So, all things end, right? Like Hozier said, and I refused and fought against this very simple truth with all I had, until I didn't have anything anymore. And after that, I sat inside those endings, clinging to them, and I cried, I cried, I cried, until the tears also ended. Until I was empty and there was only a black void, with nothing to grasp anymore, nothing to fight for, nothing to cry for.
And then. I realized that I was still alive. And some of the things that ended were still alive too, so... I went on. Eventually, while I was living, new things happened. New beginnings. New tender sprouts.
It seems an happy ending, but actually, that's when I realized how much I've changed.
I don't want new beginnings, they scare me deeply. When something new starts, I don't dive in it, happy and with my whole heart open, like I did my whole life. My heart stays safely guarded. And when something begins to fade, as expected, I don't fight for it anymore. I let it fade, with nothing more than a sigh. Tears haven't come back still. Will they?
If everything must end, then what's the point?
And I know the drill, I've been in therapy long enough. If I close myself up to avoid sorrow, I will avoid also happyness - but see, that's the point. I don't want happyness either. It's intoxicating, full of pleasure, it moves mountains, it builds worlds, it makes you feel alive in a way that doesn't hurt for once, and then. Then it brings the deepest sorrow you've ever experienced. They are tied, it's inevitable. So no, I don't want happyness either, no thanks.
I know this wasn't the lesson I was supposed to learn. I know I missed the point spectacularly.

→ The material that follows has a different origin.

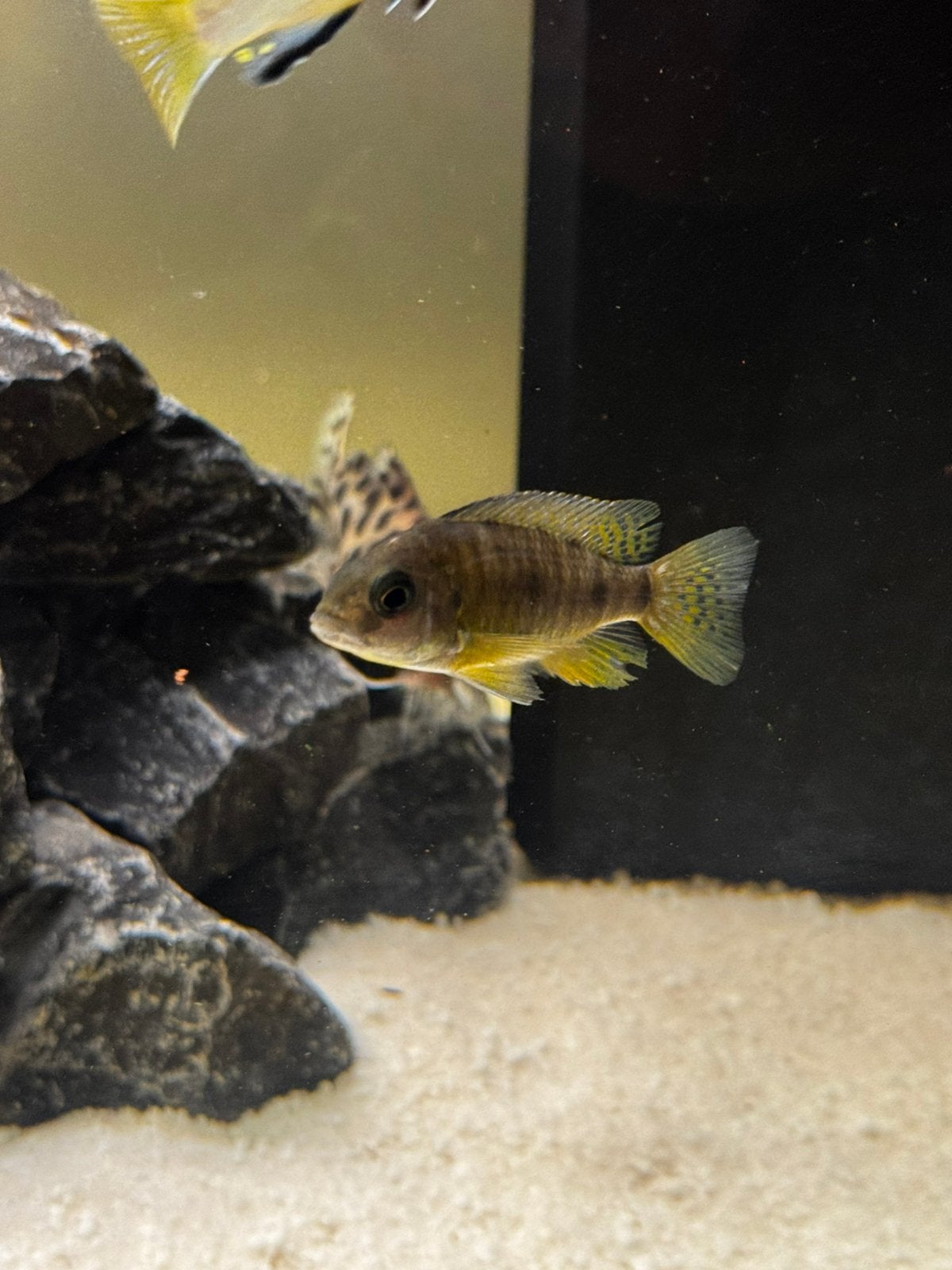 Gezonde cichliden te koop, Dieren en Toebehoren, Vis, Zoetwatervis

But still. This is where I am now. A quiet nothing and easy, harmless interactions are what I seem to need right now. I'm still so very tired. Happyness, love, anger, desire, sorrow, desperation, they all require so much energies, I don't have them anymore. I'm not sure I will ever get them back, but at this point it really doesn't matter anymore.
I love you tutulong
snoopy encourages you to buy a new book!
You know, when I've remarked that a lot of the responses to my posts feel like people are just plucking out keywords they think they recognise based on the shape of them and replying to what they imagine the post says based on that, the possibility never occurred to me that this is actually how many American schools are currently teaching kids to read.

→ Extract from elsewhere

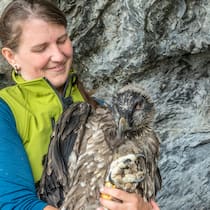 Flugstunden für den Bartgeier Bartgeierauswilderung Melchsee-Frutt 27.6.2021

Like, my assumption this whole time has been that when folks go "I misunderstood this post that says [thing] as saying [unrelated thing] because I mistook [word] for [completely different word that happens to start with the same letter]", that was a bit. What do you mean they're teaching kids a reading method that's tailored to produce this exact error?

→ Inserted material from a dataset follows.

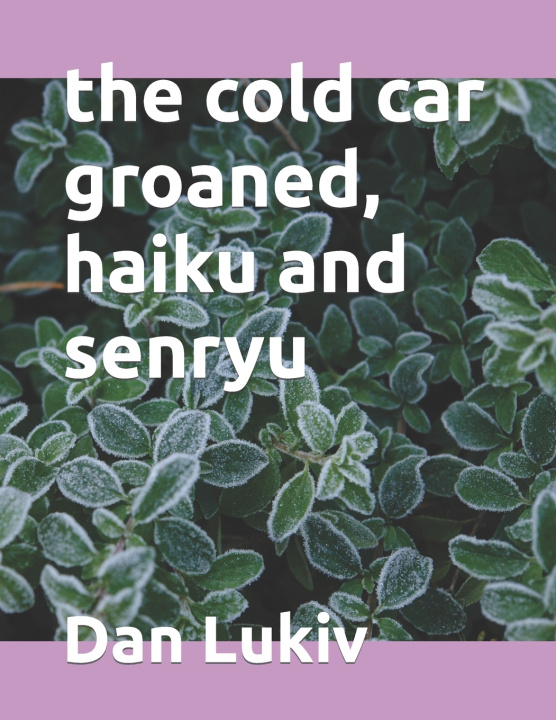 Βιβλίο cold car groaned, haiku and senryu Dan Lukiv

Three cueing. Once you learn about it, a whole lot of very frustrating online discourse with US Americans makes so much sense 😭
For decades, schools have taught children the strategies of struggling readers, using a theory about reading that cognitive scientists have
If you were taught to read with the three cueing method, and now struggle to read fluently, you can still learn to read properly!
-> Phonics For Adults <-
If you're a teenager, you can still use this resource.

Anya is live and ready to show you everything. Watch her strip, dance, and perform exclusive shows just for you. Interact in real-time and make your fantasies come true.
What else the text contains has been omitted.